Just as beach and weekend homeowners get guest requests, so do popular blogs. The reason is simple: location, location, location. Whether it’s a vacation home or a popular blog, it’s where everyone wants to be and be seen.

Why invite guest bloggers? 5 benefits

From a blog owner’s perspective, here are five benefits guest bloggers bring to your blog. (Here’s an outline of the benefits for guest bloggers.) Guest bloggers:

Reduce your content creation. This is especially useful during busy periods or vacation(s).

Offer a different perspective on topics important to your audience. This is useful for dialog on your blog.

Present information that’s not part of your expertise. Using guest experts shows that you’re in the know, which reflects well on you.

Attract new readers to your blog. Guest bloggers may bring their followers and/or new readers interested in the additional content.

Promote your blog to their readers. Ask guests to let their friends and followers know about their post on your site.

13 guest guidelines

While it’s great to have people visit, you don’t want to feel like your vacation home is a hotel where you’re the maid. The same applies to guest writers on your blog. To this end, create a set of guidelines to post on your blog to set parameters for guest authors based on your blog topic, brand and goals.

1. Topic. Who chooses the post topic, the writer or the blog owner? If the writer decides, do you as the blog owner need to approve the topic? Do you need to see the entire post before you accept it? Do you require additional proof of writing ability such as other guest posts, columns and/or a blog?

2. Post length. How long do you want guest posts to be? Length should be similar to the rest of your posts. You don’t want a 400-word post if your average post is 700 words.

3. Timing. How far in advance of the publication date should the writer sbumit the post? Don’t overlook the time needed to edit and add technical elements.

4. Content. Do you require guests to write original content? Can they repurpose or reprint material? Do you have other content requirements? Do you have any requirements regarding the language they use, such as four-letter words? Do you expect writers to actively respond to comments?
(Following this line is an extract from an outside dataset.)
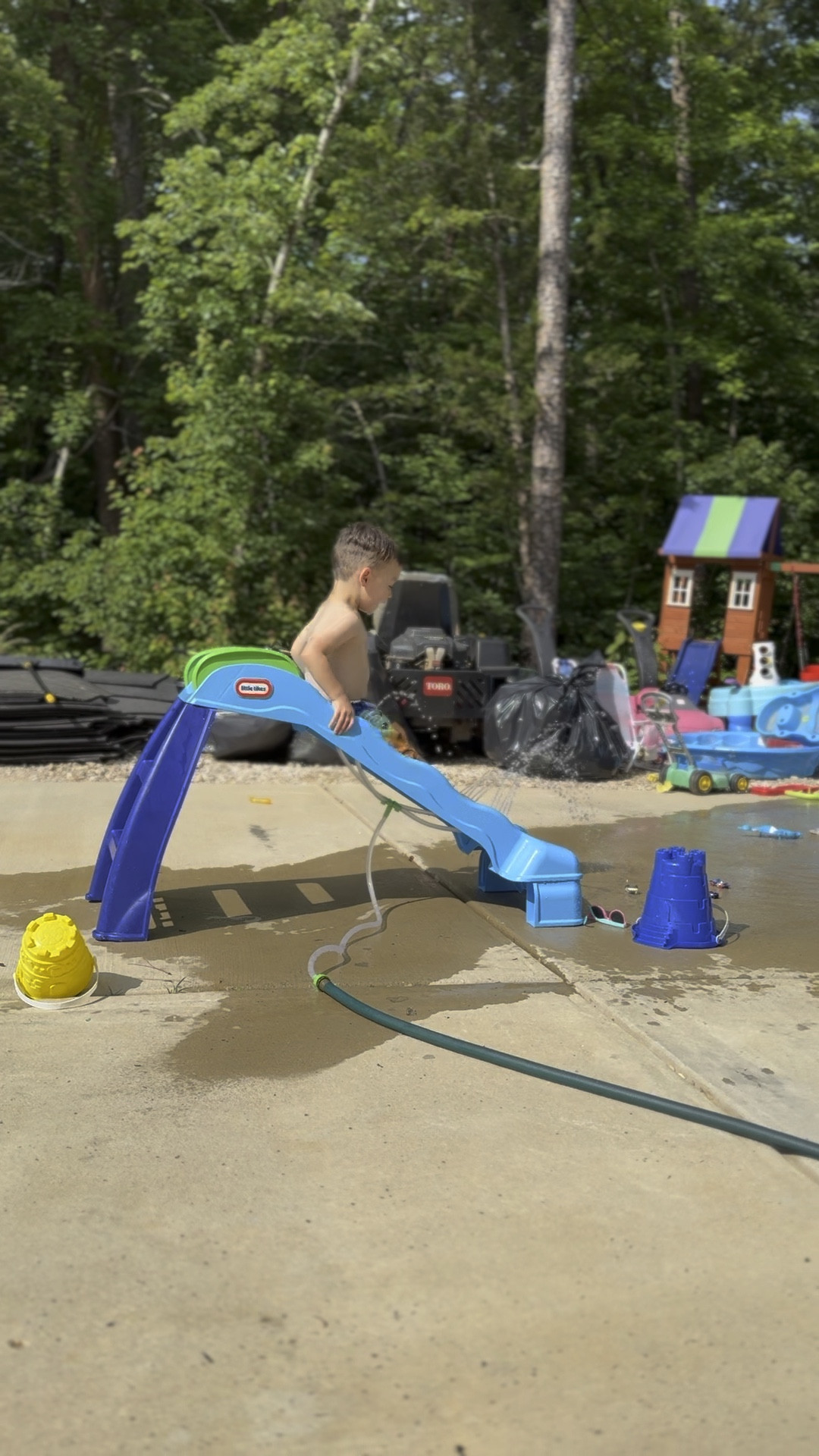 Summer water slide fun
5. Keywords. Do you ask guest writers to include specific keywords or write about certain topics on your website? Do you provide these?
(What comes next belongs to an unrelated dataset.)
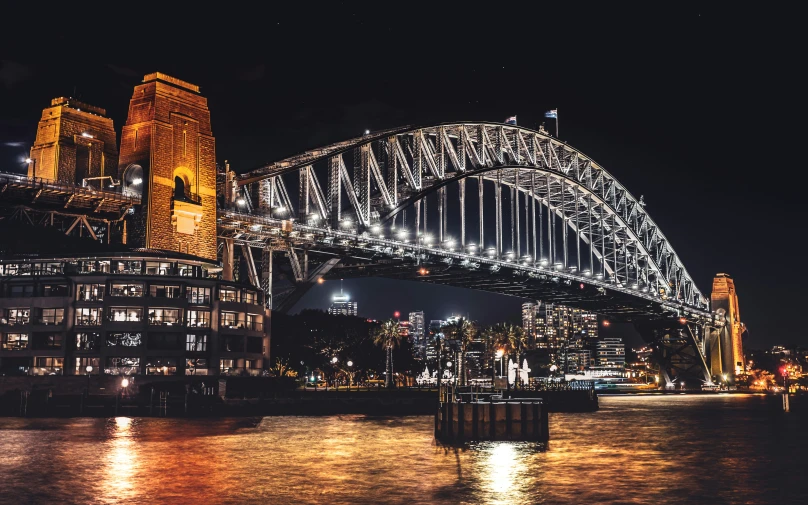 the sydney bridge is illuminated at night, and the buildings can be seen in the background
6. Links. Do you allow writers to have links to their blog or website in the body of their content? If so, do you have any limitations on the use of links such as the number of links and where they can link to? For example, no links to a competitor or product.
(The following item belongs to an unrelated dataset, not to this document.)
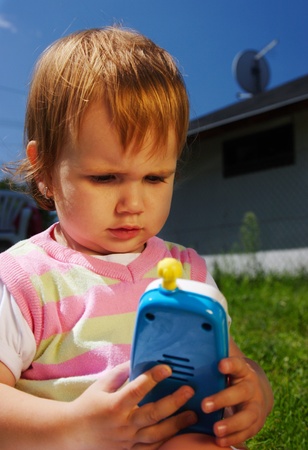 Young girl child outdoor sitting on the grass with her toy phoneの写真素材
7. Presentation. Do you want the writer to include graphics, photographs, presentations and/or videos? If so, who’s responsible for checking the IP rights? Do you have any specific guidelines regarding size, etc.?

8. Author bio. How do you want to represent guest writers on your blog? Remember the focus is the guest’s content, not their bio. How many words can the bio include? How many links do you allow in the bio and to where (the writer’s blog or website, social media profiles, email)? Does the writer need a photo or avatar?

9. Copyediting. Will you edit the post after the writer submits it? Do guest authors have input after they submit the article? Remember, language can be a big issue for both the blog owner and the writer. From a blog owner’s perspective, a guest post is a big endorsement. Therefore, the post should be edited in line with the blog’s editorial policy. If there are significant issues, discuss them with the author to maintain good relations.

10. Compensation. While most guest posts are done for the exposure, there are cases where there’s compensation. Clearly define who gets compensated, when and how much. Do you expect to be able to have reciprocal columns on their site? Make sure this is well understood before you accept a guest post.

11. Promotion. It’s accepted practice that a guest post shouldn’t include any promotion. Further, assume that if you refer to a book or other product with related affiliate revenues, those revenues accrue to the blog owner. For articles related to specific businesses, what qualifies as promotion may be more subjective. Define what’s acceptable on your blog as much as possible.

12. Social sharing. Do you request that guest authors promote their posts using social media, their blog or newsletter, or other platforms?

13. IP rights. Who owns the guest authored content? Do you require writers to sign a release? How long until they can republish the article elsewhere?

Remember that the goal of guest post guidelines is to provide a framework for a working relationship where both the blog owner and the guest writer benefit. To build a good relationship, discuss any points that might be an issue for either of you.